J’approche à grands pas de la cinquantaine, cela me donne le privilège de voir se dessiner des époques de ma vie. Deux se démarquent : jeu de rôle et blog.

Leurs souvenirs surnagent au-dessus des autres par leur saillance, leur durée psychologique, l’exaltation qui les accompagne, cette impression d’avoir un instant soulevé un voile de la réalité, d’être entré dans une terre incognita (effet que ne m’a jamais procuré la grande vie dans les jets et les palaces).

Quand mon père me parle de sa guerre d’Algérie, je retrouve les mêmes qualificatifs au négatif. Pour lui, aussi, le temps s’est allongé, creusant un sillon qui ramène toutes les autres expériences au rang d’anecdote.
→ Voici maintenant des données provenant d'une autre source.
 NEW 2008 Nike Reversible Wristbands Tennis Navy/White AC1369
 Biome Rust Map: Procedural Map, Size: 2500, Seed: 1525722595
Ces époques exceptionnelles ont la particularité de commencer et de s’achever tout aussi définitivement. On sait qu’on n’y retournera pas, quels que soient nos efforts. Toute tentative de come-back ne sera qu’un succédané. Souvent douloureux. Retournant sur les lieux des combats anciens nous ne rencontrons que des morts.

Je vous parle paradoxalement du blog sur mon blog. Je douterais de ma santé mentale s’il ne m’était pas arrivé la même chose avec le jeu de rôle. Au moment où je l’ai senti perdre pour moi sa fécondité, j’ai commencé à le théoriser, à tenter de le réinventer. Je n’ai cessé d’interroger la forme. C’est mauvais signe. Preuve qu’elle ne nourrit plus, qu’elle est stérile pour celui qui divague ainsi. Et au-delà de lui, pour toute sa génération, bien souvent.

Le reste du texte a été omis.